Stored dataset items:
------------------------------
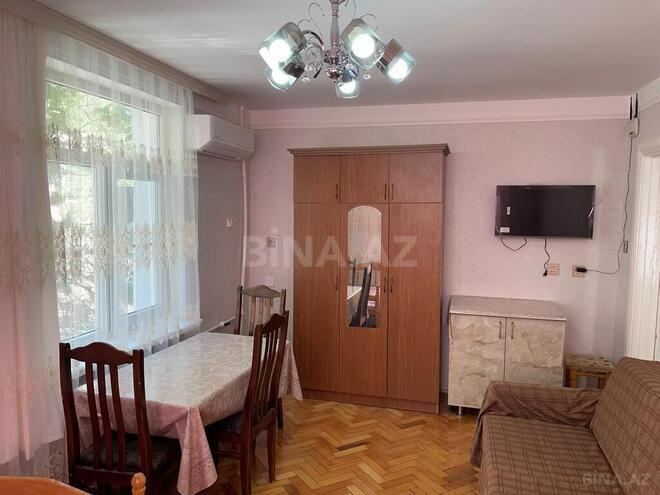 1-комн. вторичка - м. Элмляр Академиясы - 40 м² (10)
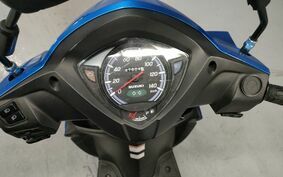 SUZUKI ADDRESS 110 CE47A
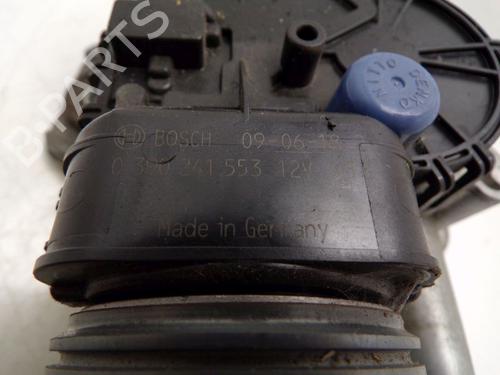 Front wipers mechanism OPEL ASTRA H Estate (A04) 1.7 CDTI (L35) | BP30189504C83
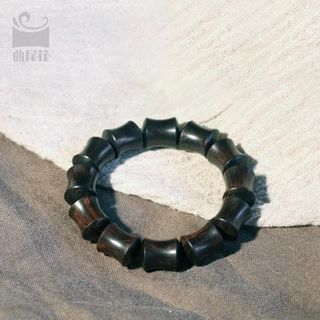 Zeno Wooden Bracelet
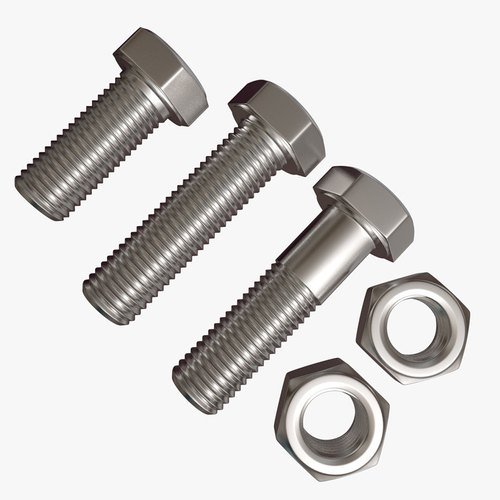 Nitronic 60 Fastener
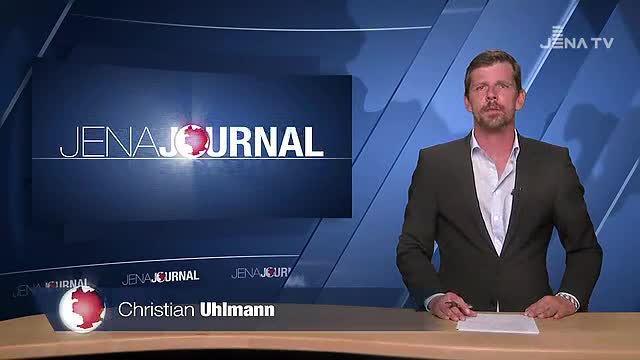 JenaJournal vom 21.06.2019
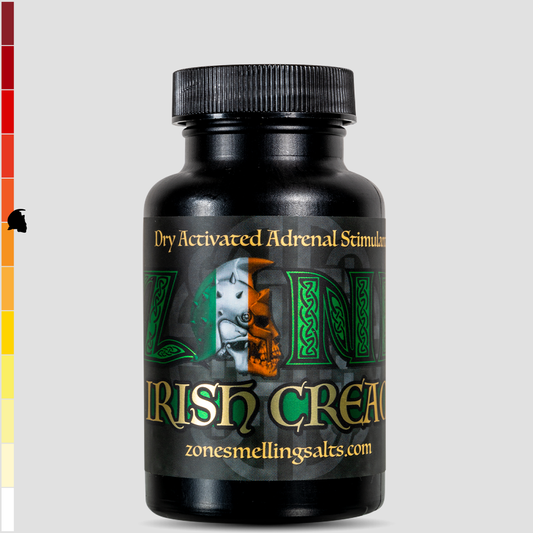 Zone Irish Cream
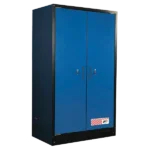 Products: Lithium Ion Battery Charging Cabinet – 90 Minute Fire Resistance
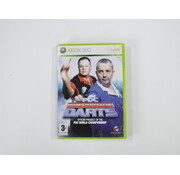 Xbox 360 - PDC: World Championship Darts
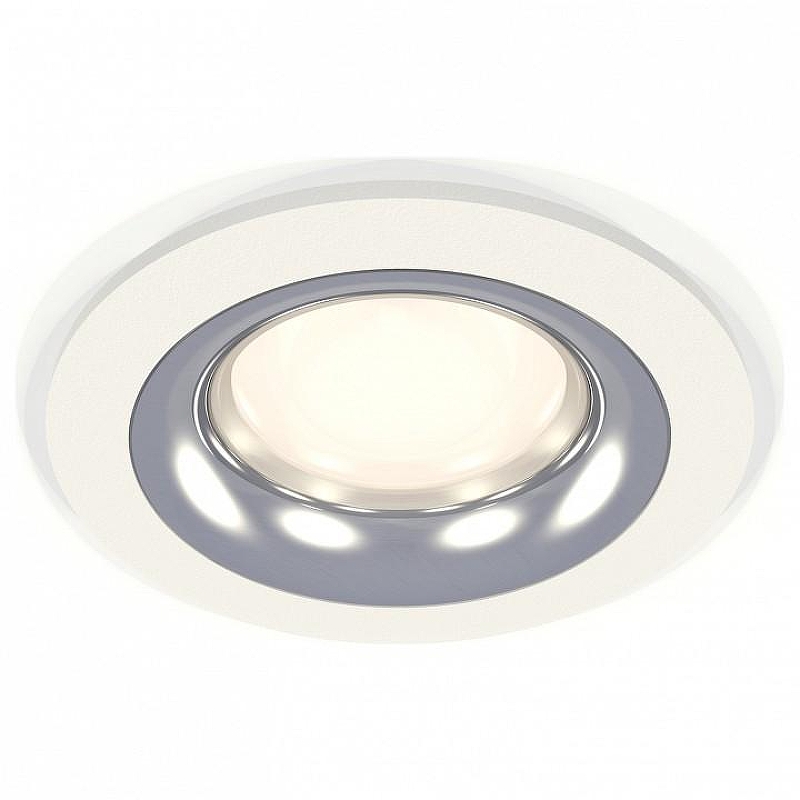 Встраиваемый светильник Ambrella Light XC XC7621003 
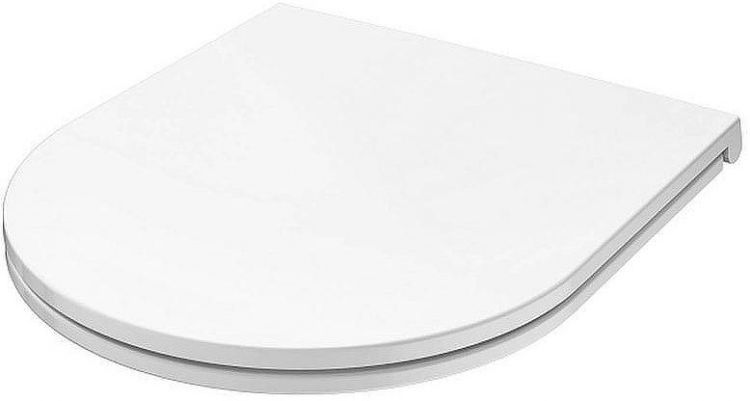 Комплект унитаза AM.PM Spirit FlashClean C701700WH+C707857WH с инсталляцией Berges Novum L3 040213 с сиденьем Микролифт и клавишей смыва Хром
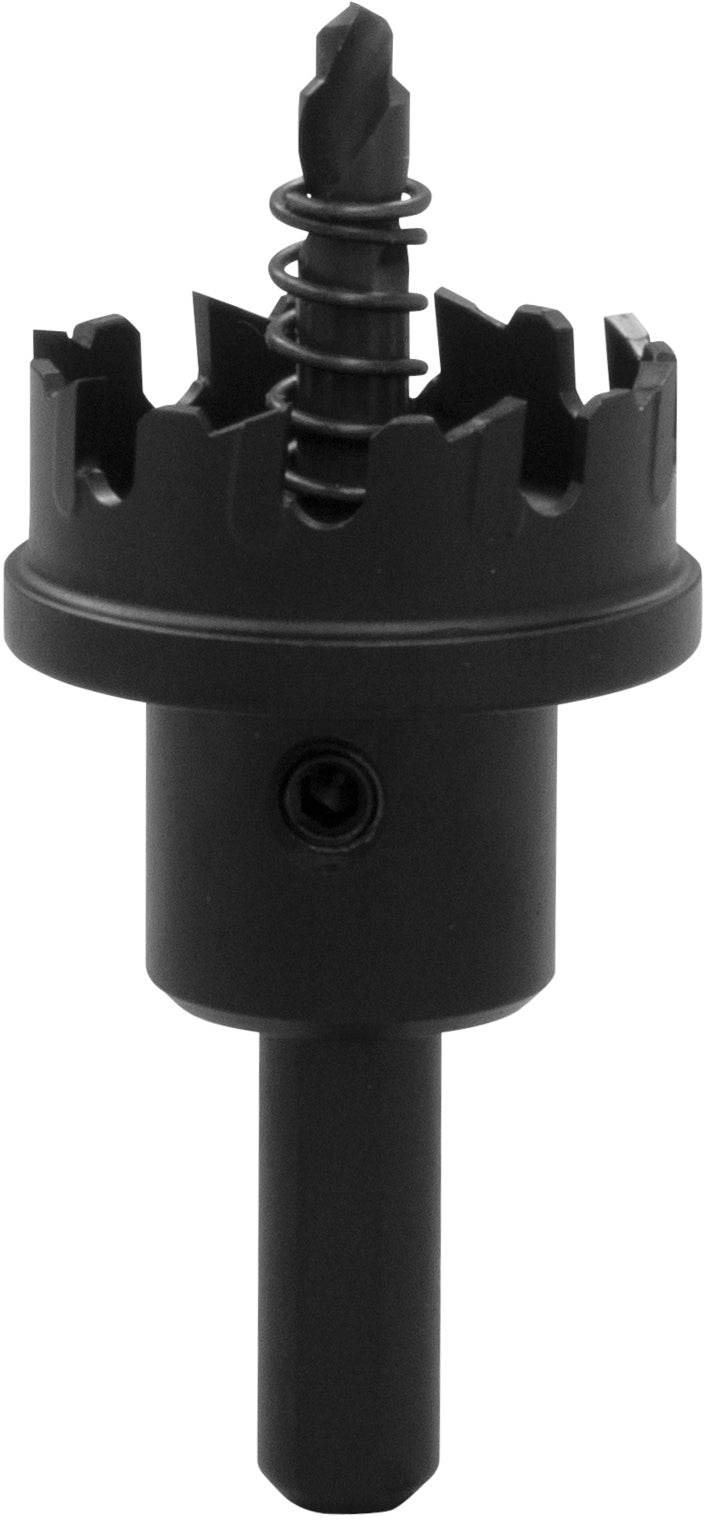 GREENLEE 625-1-3/8 1-3/8" Carbide-Tipped Hole Cutter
------------------------------
Task prompt: Once the line containing "Комплект унитаза AM.PM" has been found, write out exactly that line and each one after it through the end of the data, leaving out every picture.

Solution to the problem:
 Комплект унитаза AM.PM Spirit FlashClean C701700WH+C707857WH с инсталляцией Berges Novum L3 040213 с сиденьем Микролифт и клавишей смыва Хром
 GREENLEE 625-1-3/8 1-3/8" Carbide-Tipped Hole Cutter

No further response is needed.